◆ **Your task**
Begin at the line containing "Welcome to Sheet" and copy exactly through the last line of the listing, skipping every picture.

..........

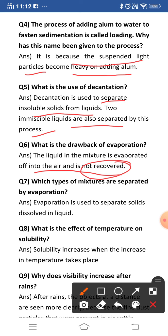Question seven: which types of mixtures are separated by evaporation? Evaporation is used to separate solids dissolved in liquid, like sugar and salt dissolved in water. For such solutions, we use evaporation to recover the dissolved solid.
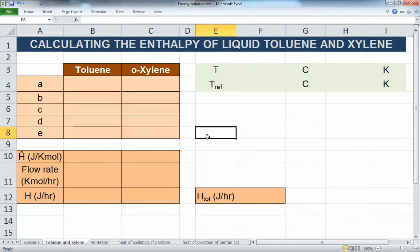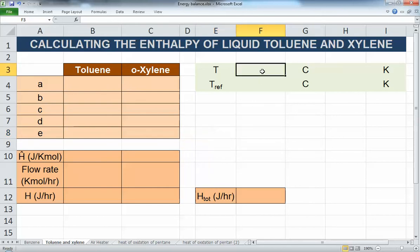Now let's look at the case with two components, which is almost the same. We are doing these calculations assuming ideal mixing — actually it's not really an assumption, these two components are ideal mixing. If there is any heat of mixing or non-ideality, you need to take the heat of mixing into account or use software that can handle those calculations automatically.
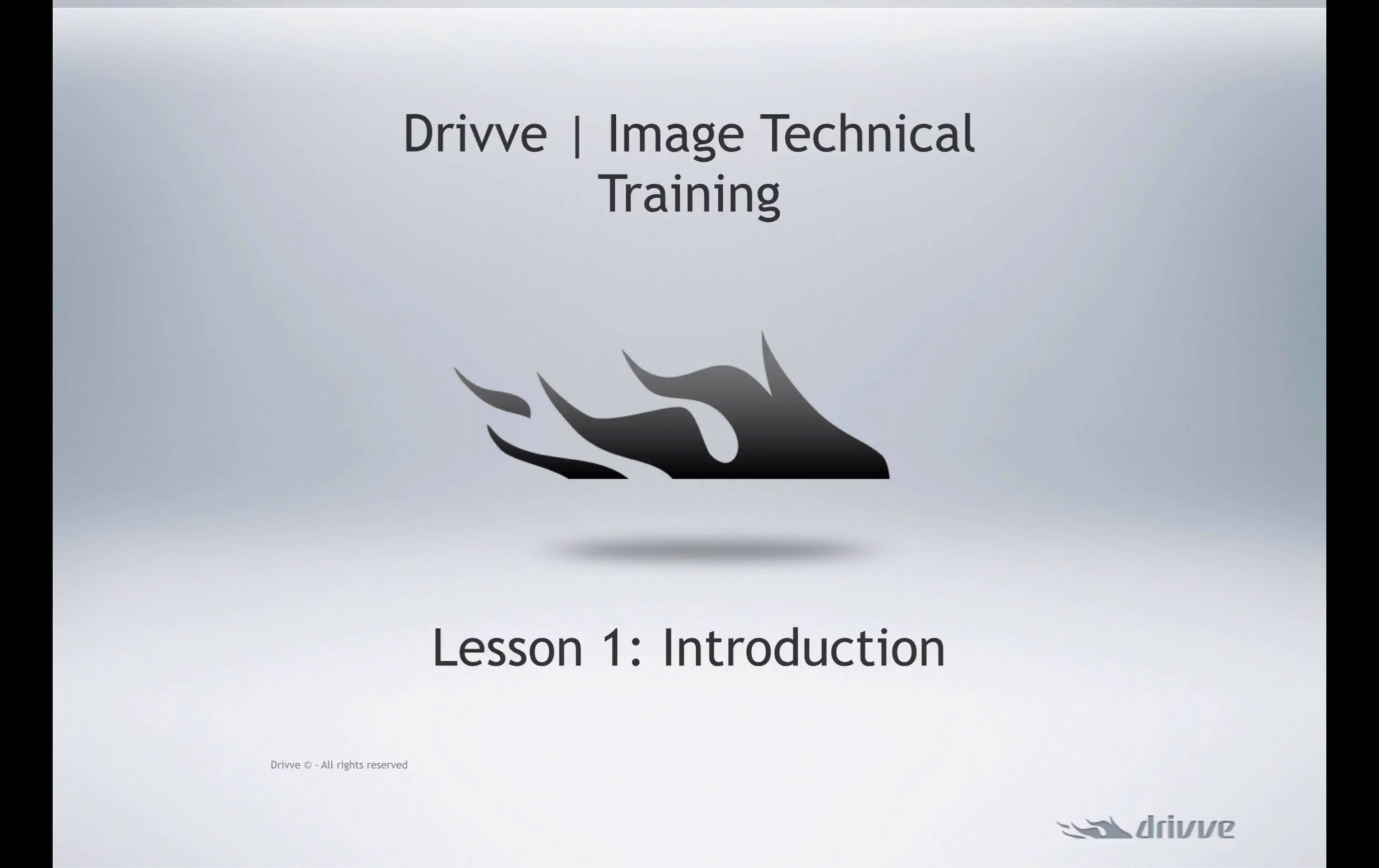Hello, and welcome to the DriveImage technical training course. You can start and stop the videos at any time, and you can go along in any order or at your own pace.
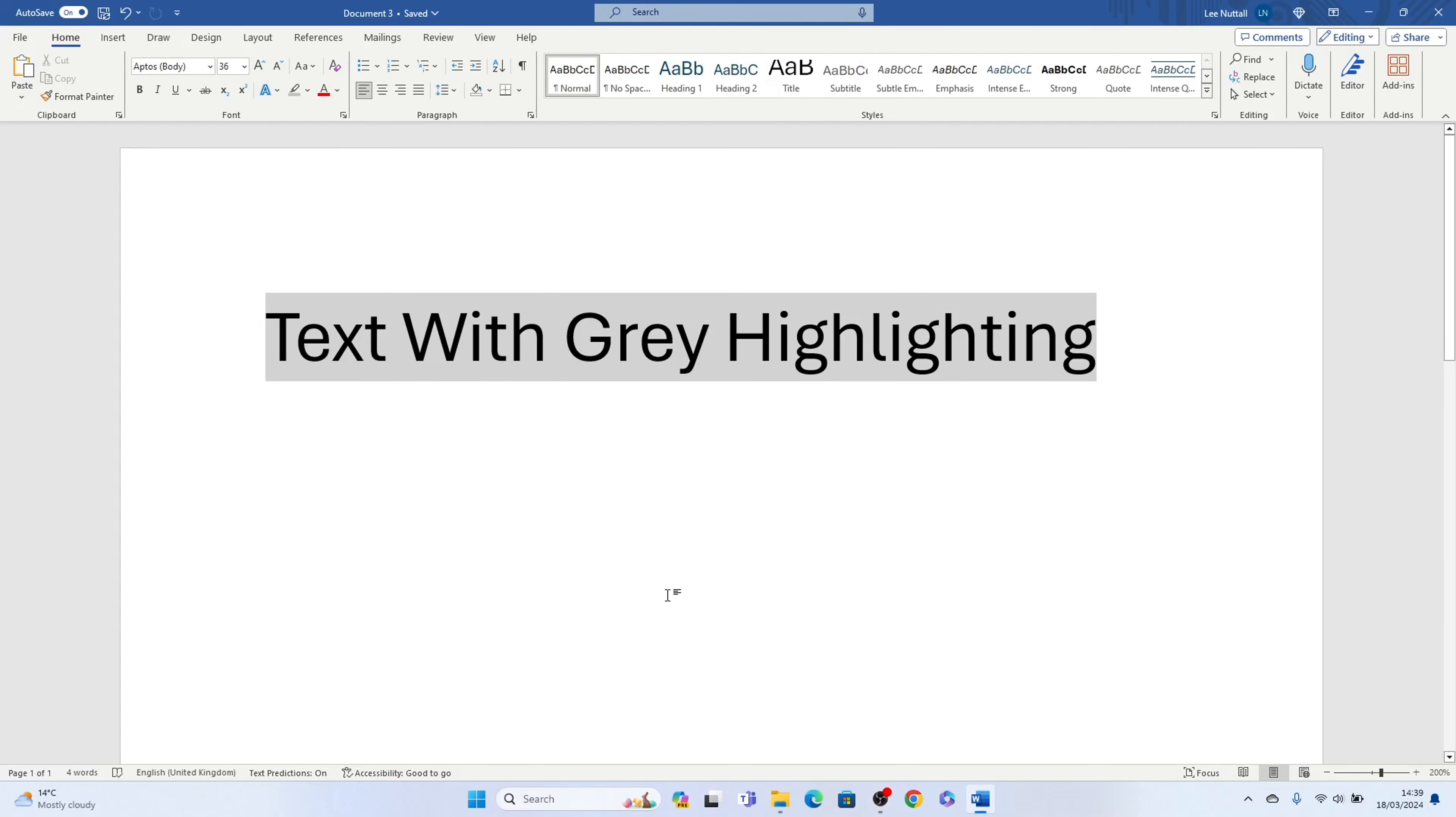Welcome to Sheet Leveler, I'm Lee and in this super quick video I'm going to show you how to remove grey highlights in Microsoft Word.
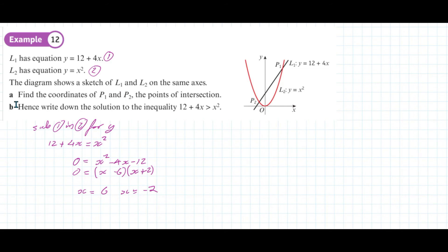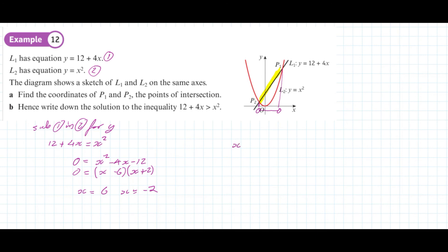The second part says hence write down the solution to the inequality 12 plus 4x is greater than x squared. What we're asking is: when is the graph of 12 plus 4x greater than the graph of y equals x squared? This is the area where the straight line graph is above the quadratic — between our critical values. So our final answer is x is greater than minus 2 and less than 6. In set notation, x is the set where x is greater than minus 2 and less than 6.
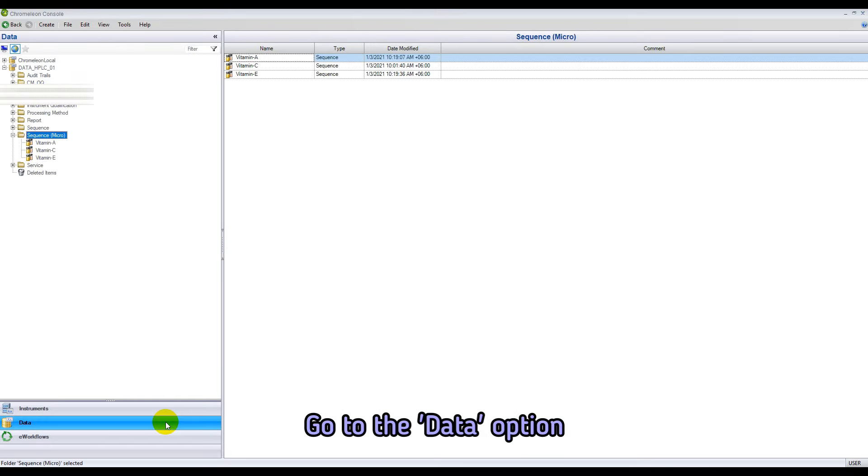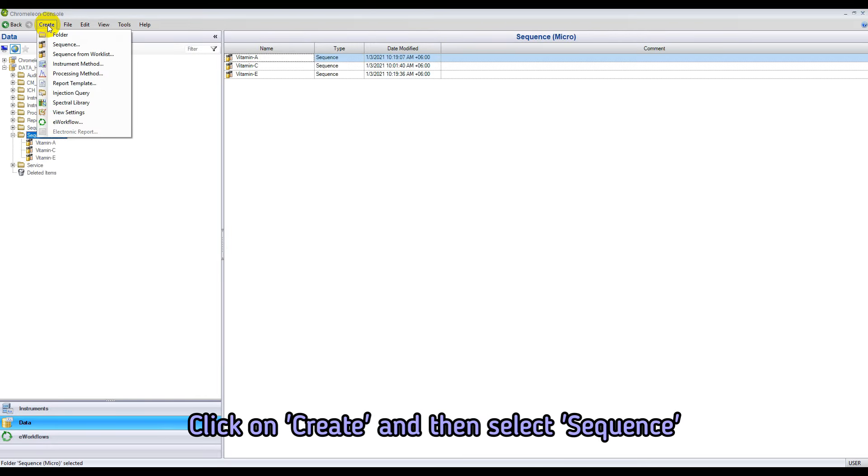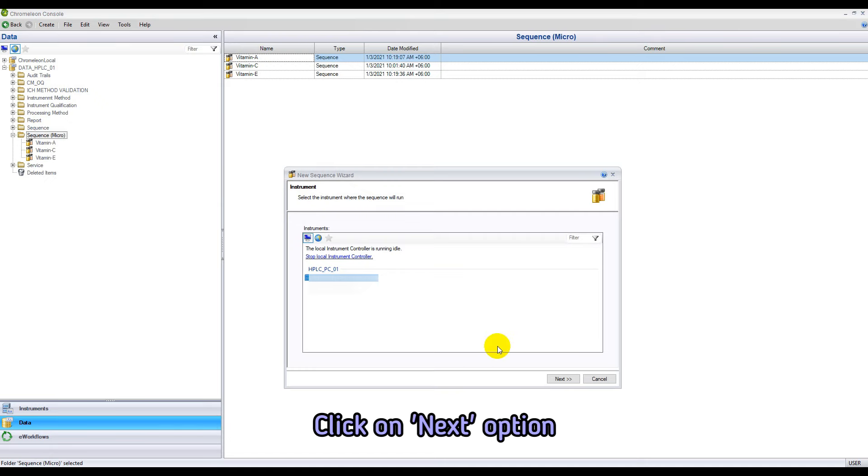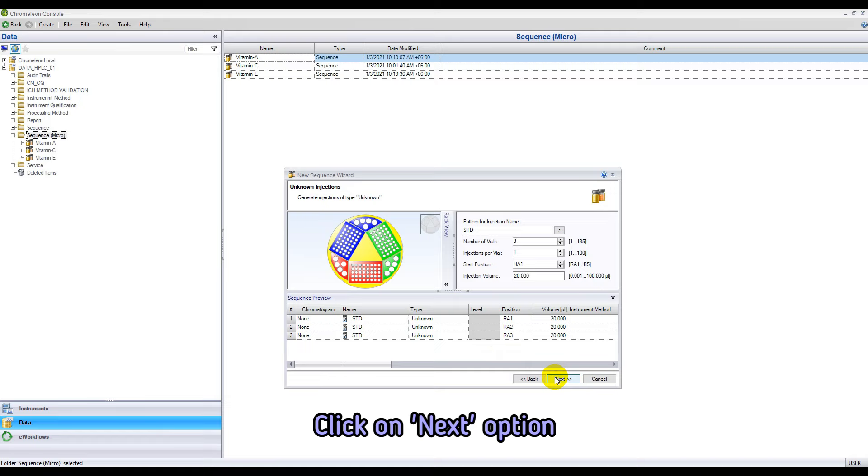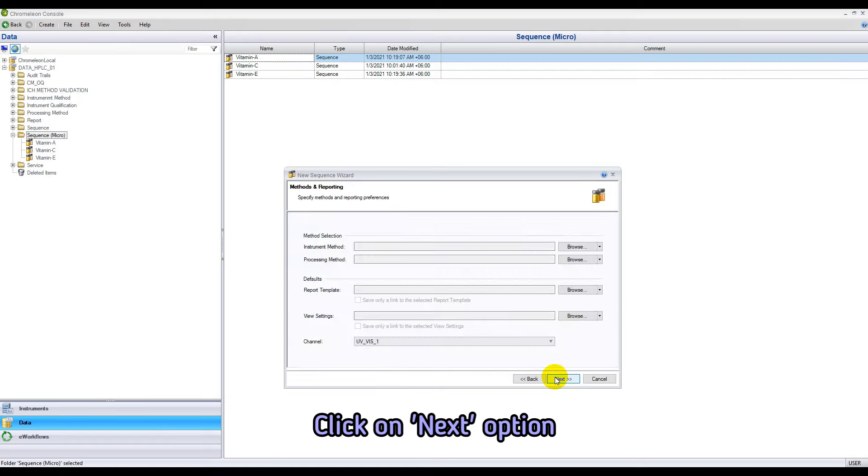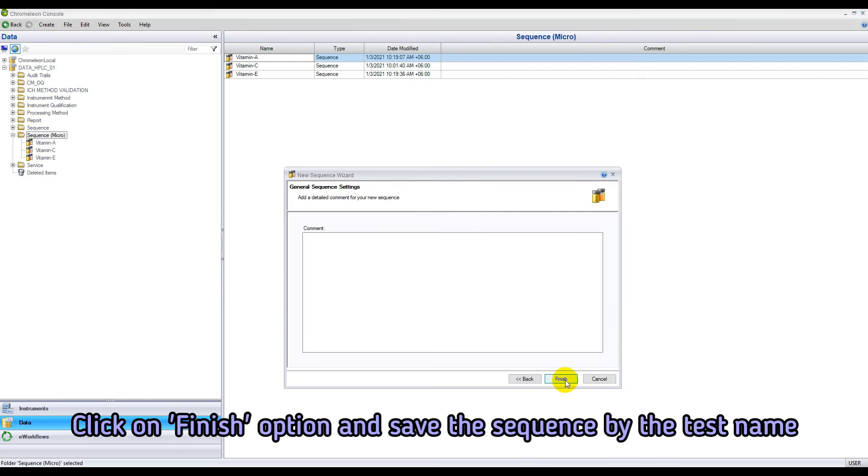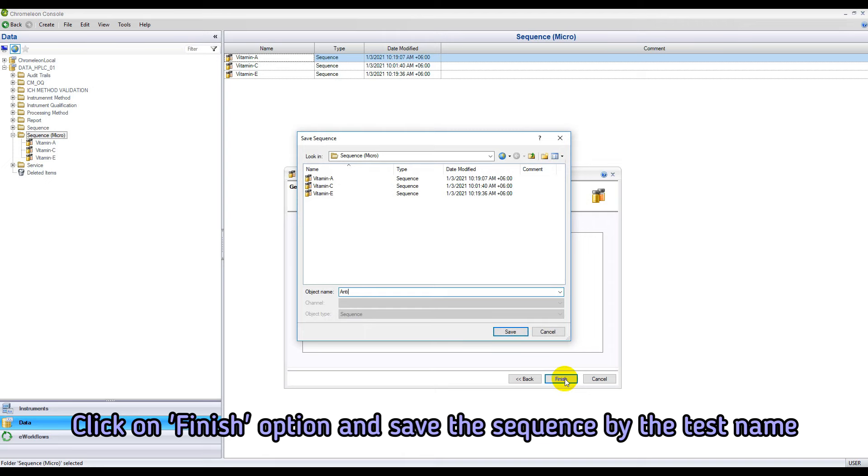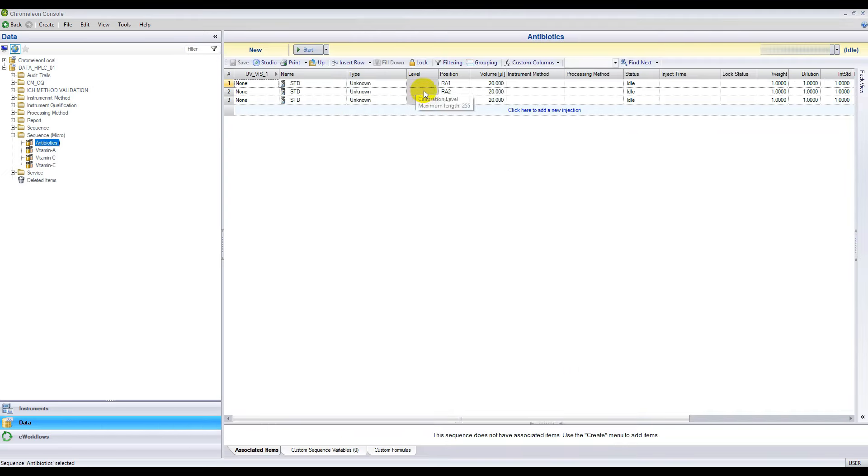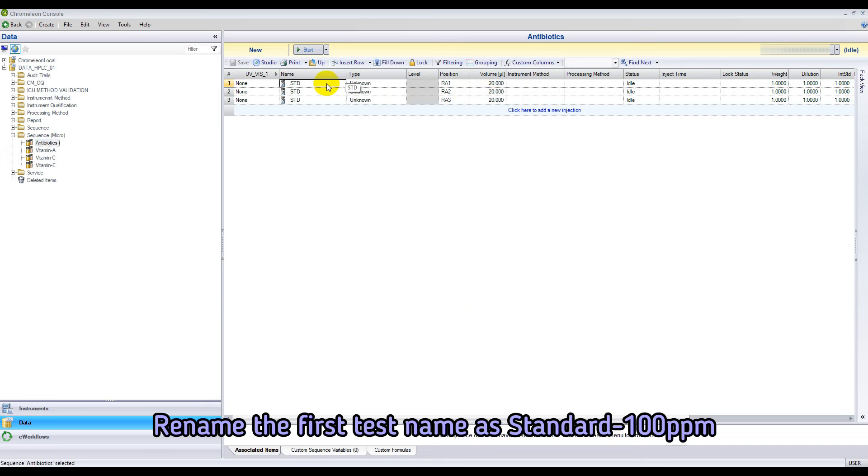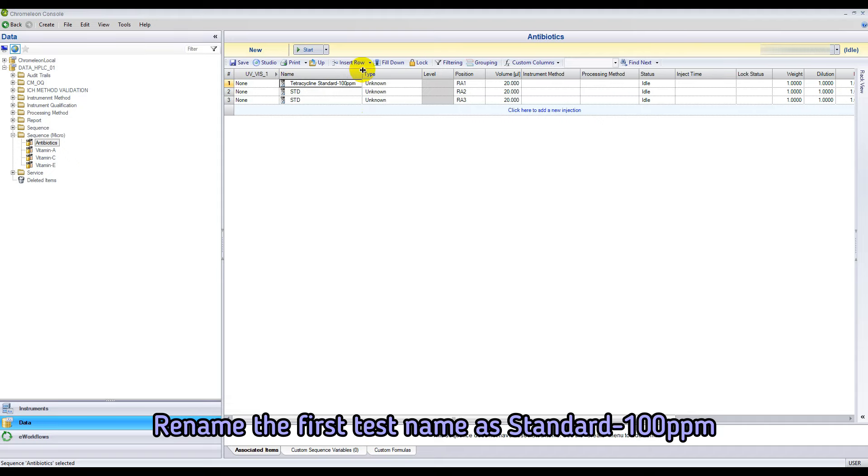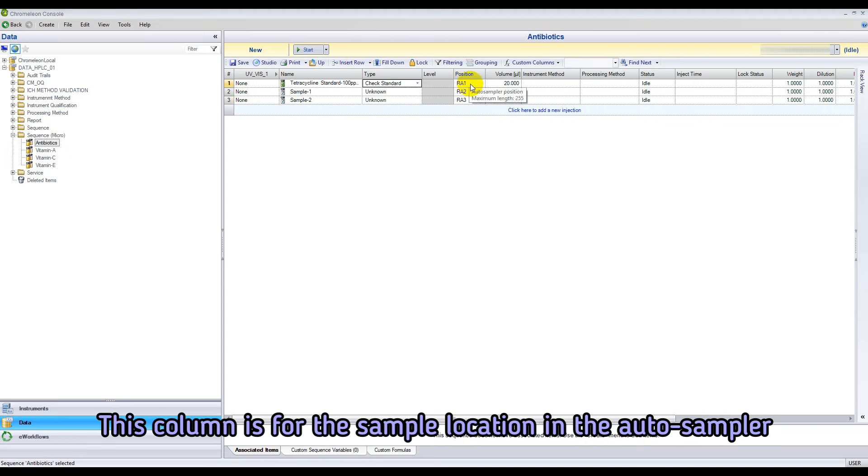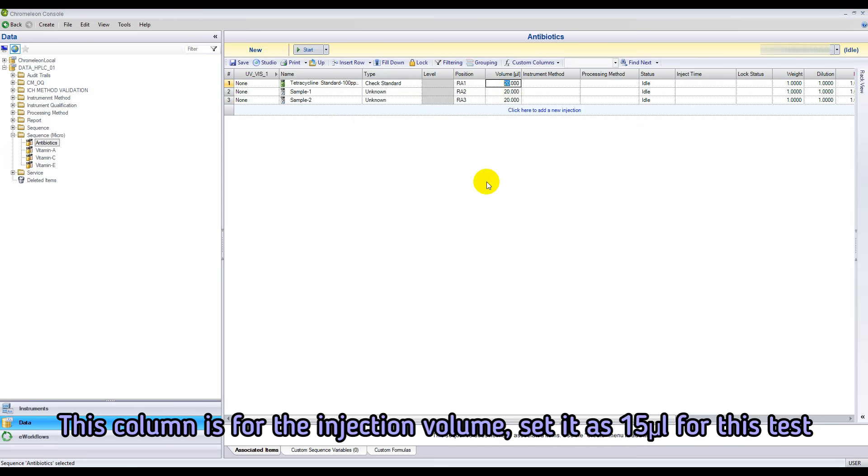Go to data option. Create a sequence. Save the sequence by the test name. Rename the first test name as standard 100 ppm. Rename the second and third test name as sample 1 and 2. Set the vial position in the auto sampler if needed. Set the injection volume at 15 microliter.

..........

◆ **Your response**
Welcome to Sheet Leveler, I'm Lee and in this super quick video I'm going to show you how to remove grey highlights in Microsoft Word.
The second part says hence write down the solution to the inequality 12 plus 4x is greater than x squared. What we're asking is: when is the graph of 12 plus 4x greater than the graph of y equals x squared? This is the area where the straight line graph is above the quadratic — between our critical values. So our final answer is x is greater than minus 2 and less than 6. In set notation, x is the set where x is greater than minus 2 and less than 6.
Go to data option. Create a sequence. Save the sequence by the test name. Rename the first test name as standard 100 ppm. Rename the second and third test name as sample 1 and 2. Set the vial position in the auto sampler if needed. Set the injection volume at 15 microliter.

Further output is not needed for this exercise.